Probing the formation of planetesimals in the Galactic Centre using Sgr A* flares

TL;DR

This paper investigates how planetesimals form in the Galactic Centre and their role in causing observable flares from Sgr A*, finding that debris discs around stars are the most consistent formation scenario with observed flare rates.

Contribution

It compares two formation scenarios for planetesimals in the Galactic Centre and models their orbital evolution to predict flare rates, favoring formation in debris discs around stars.

Findings

Predicted flaring rate is approximately 0.6 per day.

Flaring rate is nearly independent of perturber distribution.

Formation in debris discs around stars is more consistent with observations.

Abstract

Flares in X-ray and near infrared are observed above the quiescent emission of the supermassive black hole (SBH) in the Galactic Centre (GC) at a rate of approximately once per day.

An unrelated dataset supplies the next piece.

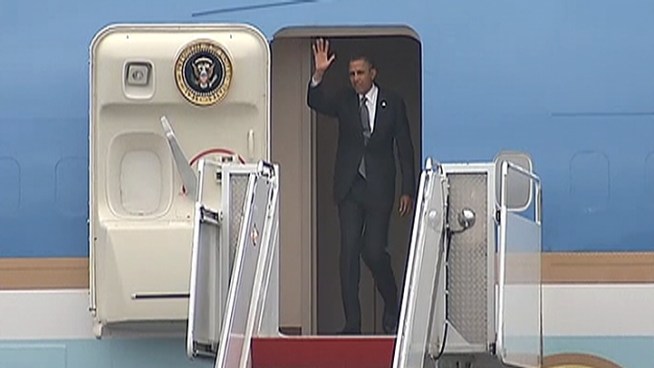 Pres. Barack Obama arrives at Philadelphia International Airport on Tuesday to attend fundraising events at the Franklin Institute, capping a day of campaign events to raise money for his presidential reelection campaign and for other Democratic candidates across the U.S.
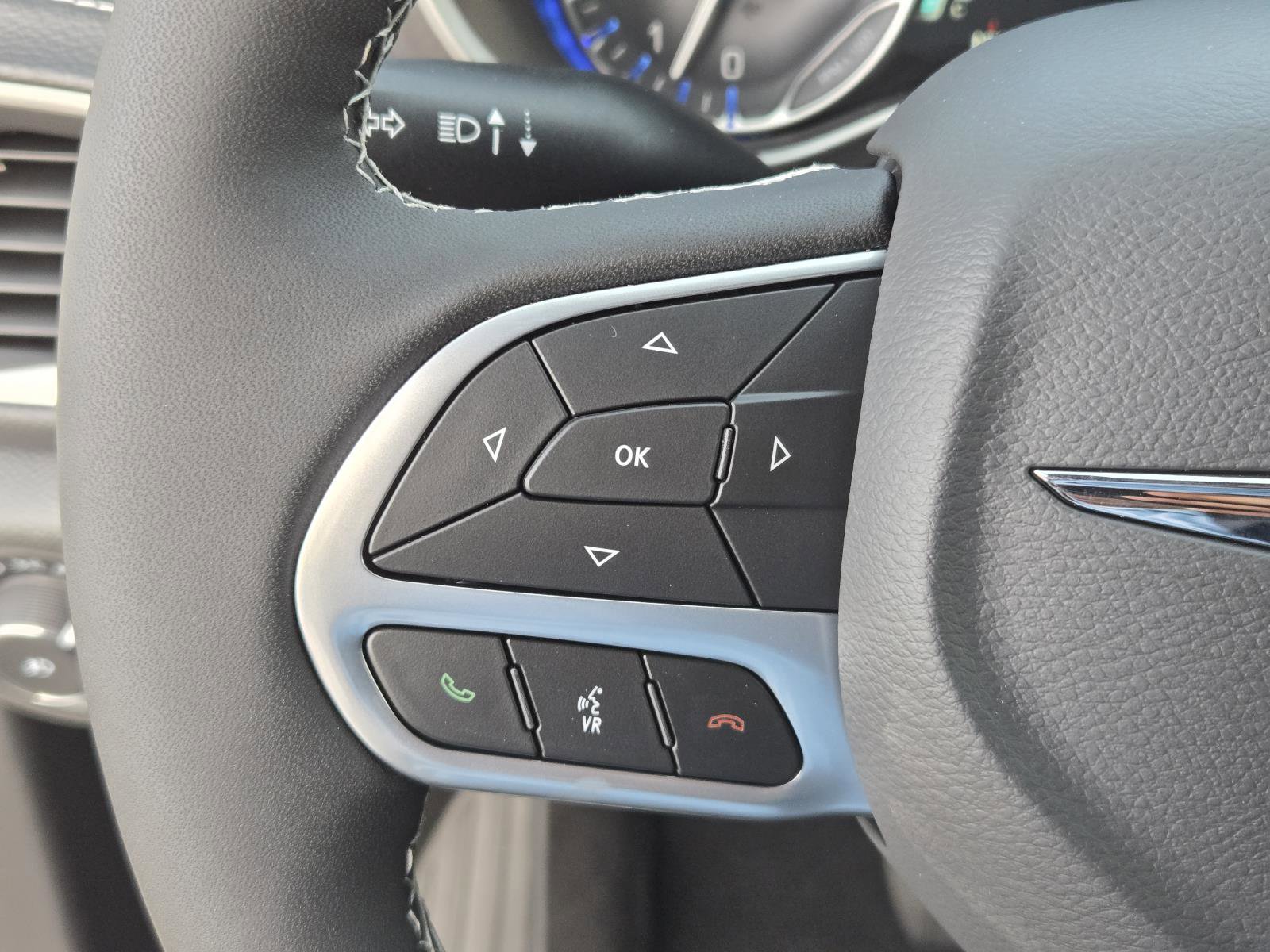 New 2026 Chrysler Pacifica Select image 19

One proposed energy source for these flares is the tidal disruption of planetesimals with radius $\gtrsim 10$ km passing within $\sim$ 1 AU of the SBH. Very little is known about the formation and evolution of planetesimals in galactic nuclei such as the GC, making predictions for flaring event rates uncertain. We explore two scenarios for the formation of planetesimals in the GC: (1) in a large-scale cloud bound to the SBH, and (2) in debris discs around stars. We model their orbital evolution around the SBH using the Fokker-Planck equation and investigate the effect of gravitational interactions with various relevant perturbers. Our predicted flaring rate, $\approx 0.6 \, \mathrm{day^{-1}}$, is nearly independent of the distribution of perturbers. Moreover, it is insensitive to scenarios (1) or (2). The assumed number of planetesimals per star is consistent with debris discs around stars in the Solar neighbourhood. In scenario (1) this implies that the number of planetesimals formed in the large-scale cloud is strongly correlated with the number of stars, and this requires finetuning for our results to be consistent with the observed flaring rate. We favour the alternative explanation that planetesimals in the GC are formed in debris discs around stars, similar to the Solar neighbourhood.